Unlike others who had to explain their reasoning in public for asking for budget funds, like the school district superintendent, the county commissioners surprised the community in a slick, swift move with no public discussion. Sneaky Six, indeed.
Below is a reprint of Greeson’s column:
Call them the Sneaky Six.
Say hello to Hamilton County Commissioners Chester Bankston, Tim Boyd, Randy Fairbanks, Warren Mackey, Sabrena Smedley and Jim Fields.
As reported Wednesday at timesfreepress.com and in today’s print edition by reporter Louie Brogdon, those six county commissioners decided that they had to have their $100,000-per-commissioner discretionary fund in next year’s budget. Had to. Simply needed it like you and I need sleep.
Those six decided that their needs were more important than the process, which rightly and smartly eliminated commissioners’ discretionary funds from the budget on the cusp of final approval. They made the command decision that the wants of a half dozen counted for more than the wishes of the people. Sure, they will try to claim these six-figure accounts are for their districts.
Whatever. Forget the rhetoric that this is about constituent needs.
This is about stashing political capital in a slush fund to be tapped at the commissioners’ discretion. We are the only county in the state that allows commissioners independently to direct spending of more than $5,000. Those funds could be described in more cynical circles as a legal way to buy votes and/or public approval.
So, despite the clear message that County Mayor Jim Coppinger thinks the commissioners’ six-figure ATMs need to go, our slippery six seatholders voted Wednesday to put those funds back into the county budget.
They want the money drawn from the county’s rainy-day fund.
We heard throughout this budgeting process — and from several of the six — about whether this year’s specific budget requests were for one-time expenses or ongoing costs. We have listened weekly to insistence that the county’s swollen reserves help preserve stellar credit ratings, which saves the county millions in interest expense.
And we all weighed in on whether there needed to be a tax increase to boost funding for schools. It was a brave pitch made over and over by schools Superintendent Rick Smith at various times throughout the county.
Whether you supported Smith’s pitch or not, no one could say Smith was ever anything but completely upfront and clear with his request.
The Sneaky Six? They are as transparent as the water at the Moccasin Bend treatment facility.
If only these commissioners had a similar chance or platform as Smith to make their case for the money.
If only they had had chances to disclose their rationales for keeping the discretionary money. If only there was a time when our county servants had to stand up and account for their budget requests.
Oh, right, there was — in each case. And if you wonder why most politicians have an approval rating somewhere between a root canal and an insurance seminar, it’s because of whispers and wink-filled situations like this.

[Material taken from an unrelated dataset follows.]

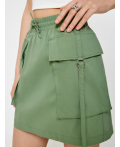 Юбка жен. Gemma оливковый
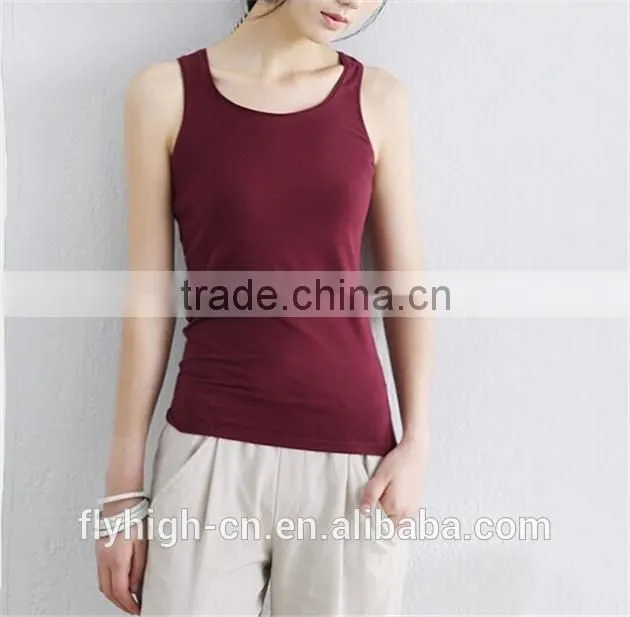 white color logo customized women tank top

They waited until the 11th hour, with little to no mention of their intent. Plus, since there was little to no discussion about it Wednesday morning, you can’t help but wonder how many behind-the-scenes discussions were held about an issue each commissioner would have to know would be controversial.
Maybe someone accidentally left a letter on the table in the break room, you know, like that petition for the commissioners to get a raise from the Legislature earlier this year?
So now the budget has an added $900,000 line item for the whims and wants of your county commissioners, courtesy of the Sneaky Six.
They won’t be the first or the last politicians to try to slide one by the public. Nope, they’re just the latest, just like they are the newest group with a number-tied nickname.
Be they the Seven Dwarfs or the Four Horsemen of the Apocalypse, maybe there is strength in numbers-based monikers.
As for our Sneaky Six, well, we do know they are twice as silly as the Three Stooges.